Data excerpts:
..........
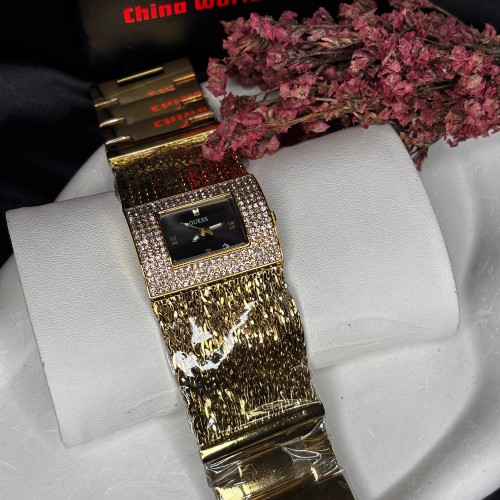 Guess Luxurious Watch
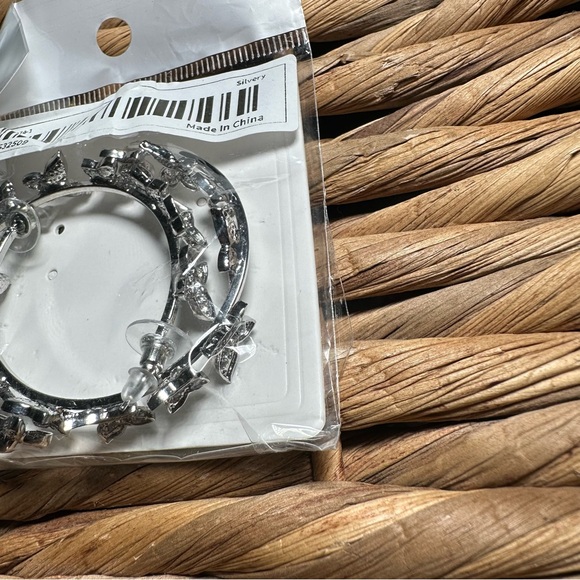 NEW butterfly hoop bundle - Picture 7 of 10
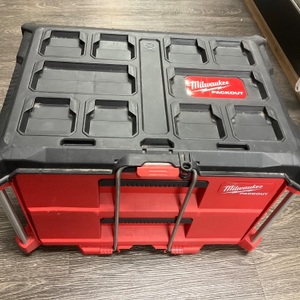 MILWAUKEE 2 DRAWER PACKOUT BOX 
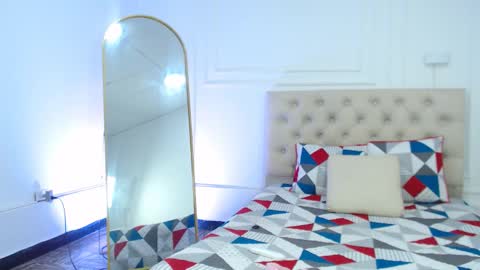 lola red online show from 12/18/25, 10:54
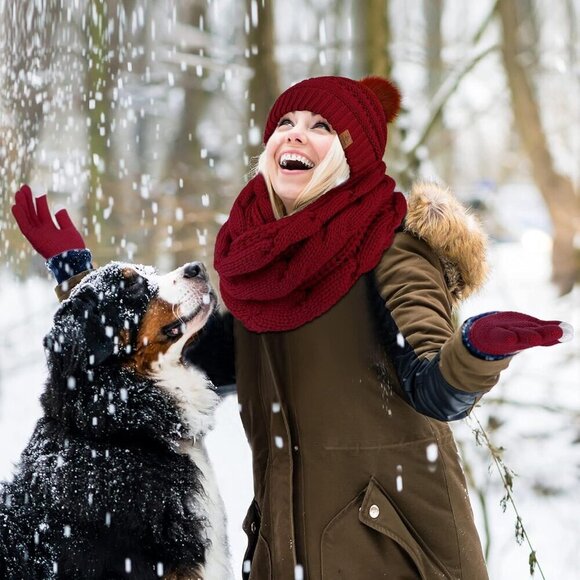 Winter 4-in-1 Set Knitted Scarf Beanie Gloves Earmuffs All-Season Warmth main image 4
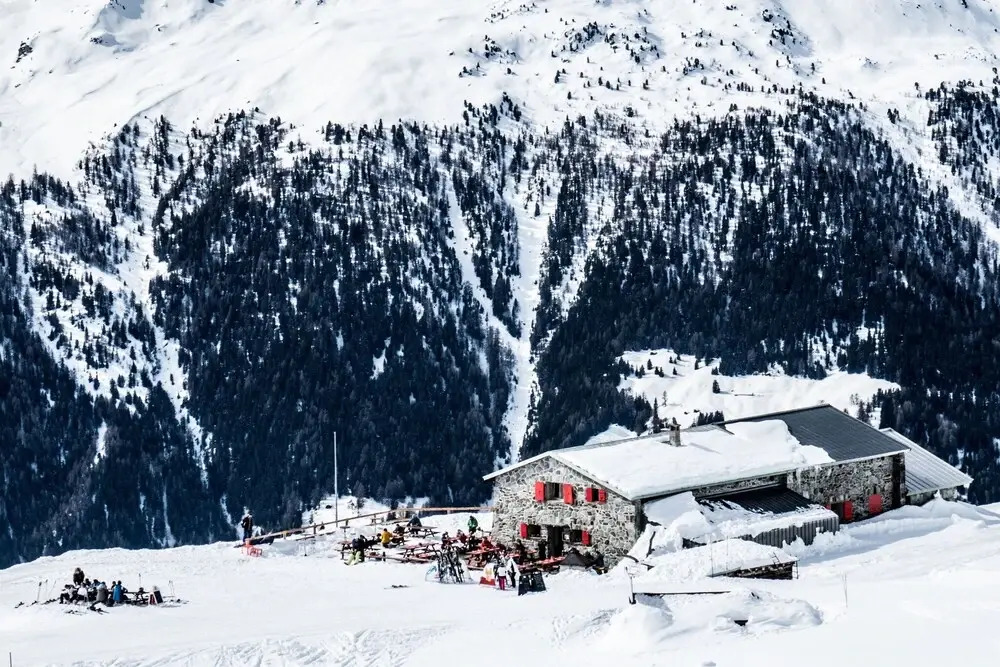 Cabane Bella-Tola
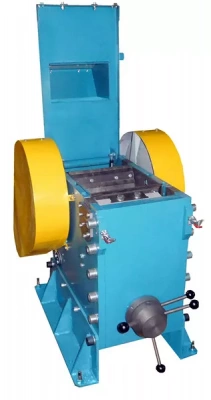 Дробилка щековая, ДЩ-1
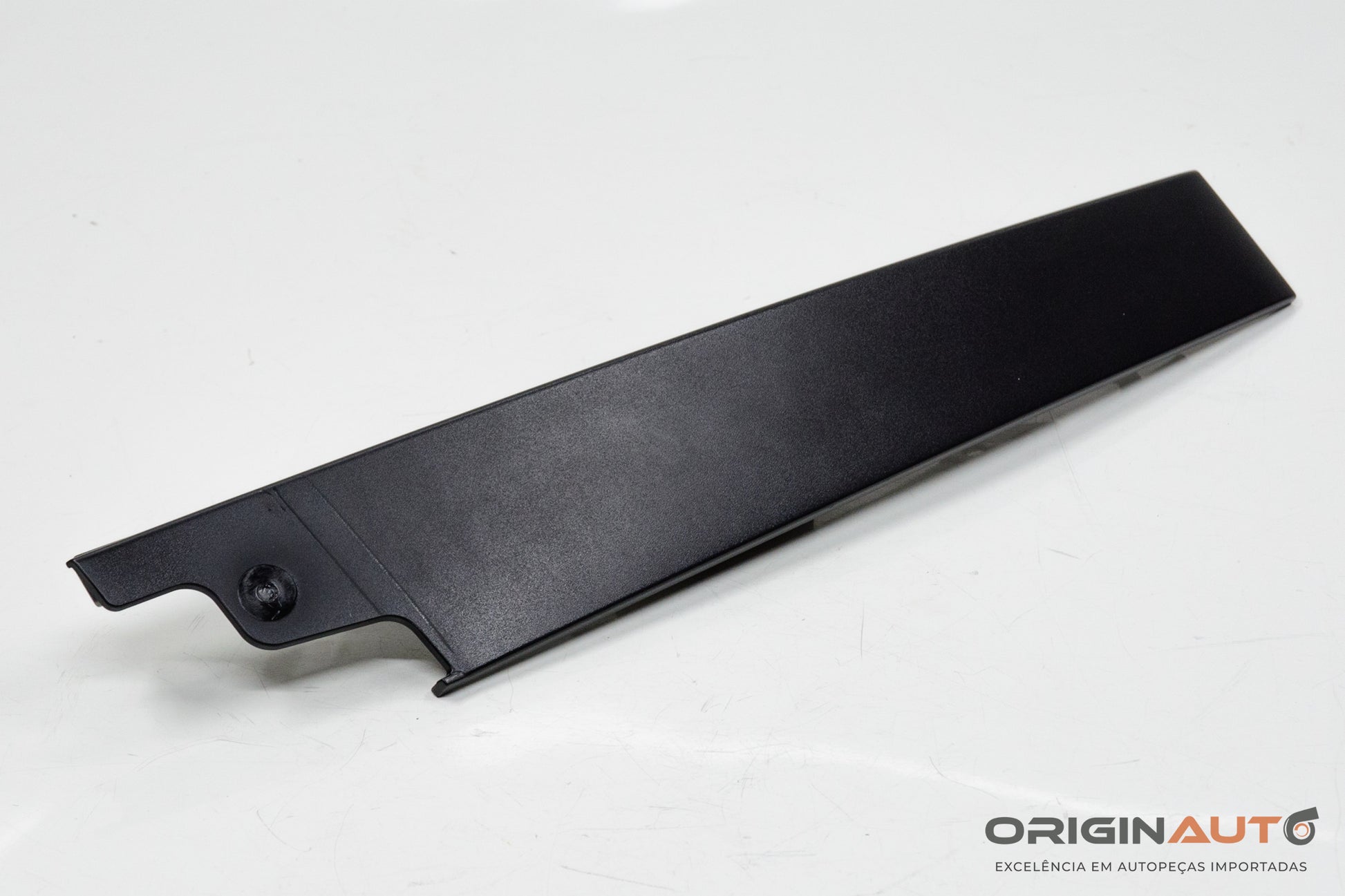 Acabamento Externo Porta Dianteira Esquerda Audi Q3 2.0 Tfsi 2014 8U0837901
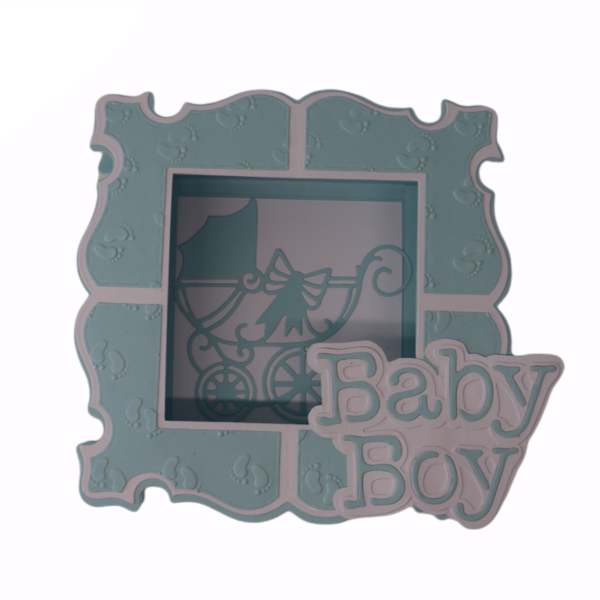 Χειροποίητο χάρτινο κάδρο για νεογεννητο μωρό διαστάσεων 15,5 cm x 17 cm σε ασπρο με γαλάζιο χρώμα - αγόρι, δώρο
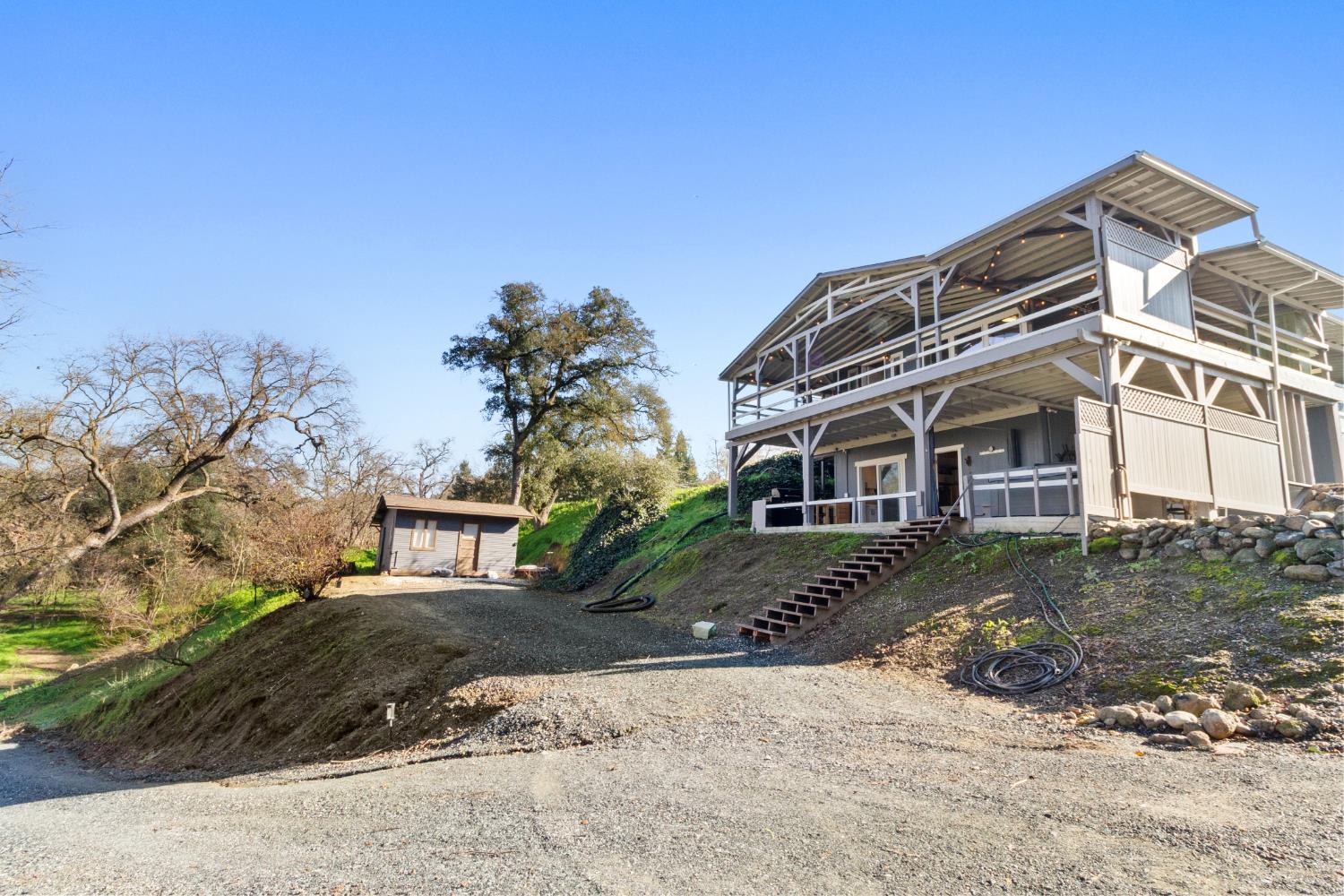 13355 Lancaster Rd, Oakdale, CA 95361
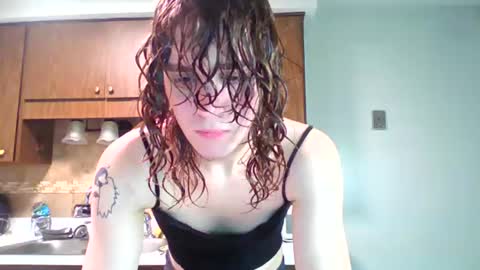 Snapshot of gockinmyrari chatting on June 24, 1:21 pm gockinmyrari online show from June 24, 1:21 pm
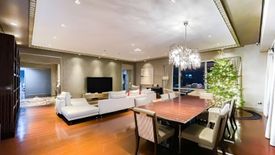 4 Bedroom Condo for sale in San Lorenzo, Metro Manila near MRT-3 Ayala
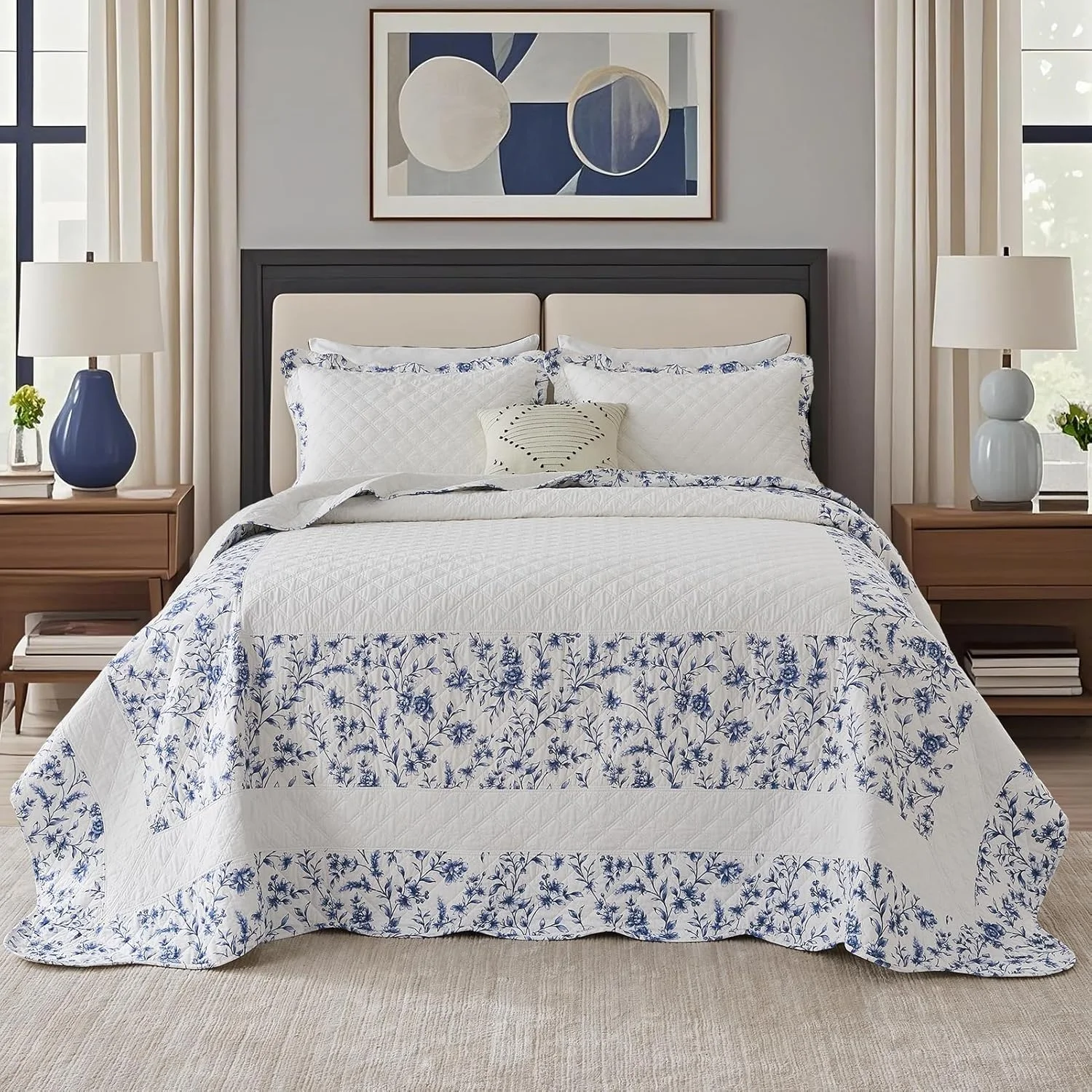 روتختی پنبه‌ای سایز کینگ 305x305 سانتی‌متر - لحاف کینگ سایز نرم و سبک وزن با دو روبالشی، طرح گل‌دار چاپی، رو تختی لحافی 3 تکه، سفید/آبی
..........
> **REQUIRED ACTION**
Quote exactly, and only, the lines from the line containing "4 Bedroom Condo" through the final line of the records above, both included, omitting any pictures.

> **TASK ANSWER**
 4 Bedroom Condo for sale in San Lorenzo, Metro Manila near MRT-3 Ayala
 روتختی پنبه‌ای سایز کینگ 305x305 سانتی‌متر - لحاف کینگ سایز نرم و سبک وزن با دو روبالشی، طرح گل‌دار چاپی، رو تختی لحافی 3 تکه، سفید/آبی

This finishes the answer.